American Idol was designed to be, more than a television show, a total advertising environment. Imported from the UK by way of New Zealand by Spice Girls and S Club 7 manager Simon Fuller, the American version put forth the most advanced audience engagement program of any previous television event. Not only was it intended as a stimulus package for a pop music industry troubled by the rise of file-sharing, it was also a trial run and demo for the capabilities of SMS texting services, a part of Coca-Cola's rehabilitative branding strategy, and an experiment in outsourcing the focus group to the American living room. It's not hard to see how Idol's primitive media convergence models have been fully taken up by live network television and the culture at large. See: hashtag promotions on chyrons baiting “expressions” over “impressions,” the reading of tweets on TV news, and the emergence of the “platform” as the dominant media form.
Of course if the enterprise wasn't dystopic enough, once a winner is declared they enter a coersive and exclusive contract with Fuller's management company 19 Entertainment. Kelly Clarkson, the show's first winner, learned that quickly when the Idol brand drew immediate criticism for scheduling her first major public appearance as a September 11th commemoration at Lincoln Memorial. Clarkson expressed public dismay about the potential insensitivity of turning the national anthem on a day of mourning into a cross-promotional opportunity, but she was nonetheless contractually obliged and the show went on. This was to be but a prelude to Clarkson's heel-dragging performance in From Justin to Kelly, screening on a rare 35mm print tonight at Alamo Drafthouse Brooklyn.

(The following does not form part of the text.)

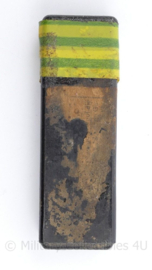 WO2 Duits Huid Ontsmettingspoeder Hautentgiftungsmittel Bakeliete houder 1943 - 8 x 2,5 cm  - origineel naoorlogs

Simon Fuller had intended to replicate the lucrative branding strategy he had perfected with Spice Girls with a theatrically-released tie-in movie conscripting Clarkson and runner-up Justin Guarini. As with Spice World, the film was penned by Fuller's brother Kim, but while Spice World's script was an agreeable self-referential romp à la Head or Richard Lester, From Justin to Kelly had plot and dialogue more half-baked than even the laziest American International beach picture. Director Robert Iscove's She's All That had shades of what was to come when Usher lead the school prom in a fever dream dance-off to Fatboy Slim, although with considerably better choreography—From Justin to Kelly expands the inane battle-of-the-sexes number into feature length, with some of the flimsiest songwriting and mise en scene in the game. Clarkson reportedly resisted at every juncture.
Don't let me turn you off: the movie is a hideous fascination. It's become a blinding cliché of art and criticism, exacerbated by the current reality TV White House administration, to invoke rapid-fire juxtapositions of '00s trash culture and Bush war crimes, but here we are. As the United States imperial machine was churning out atrocities—the PATRIOT ACT, Guantanamo, Operation Enduring Freedom, the invasion of Iraq—American corporations were scheming on how to create the ultimate ubiquitous, undetectable product. From Justin to Kelly is one of this paradigm's mutant offspring, ill-advised at every level, crass and pointless. It is for this reason indispensable for fans of both turn-of-the-century uncanny valley schlock like Coyote Ugly, The Room, and Gigli, and of bloated pop-accelerationism like Southland Tales and James Ferraro.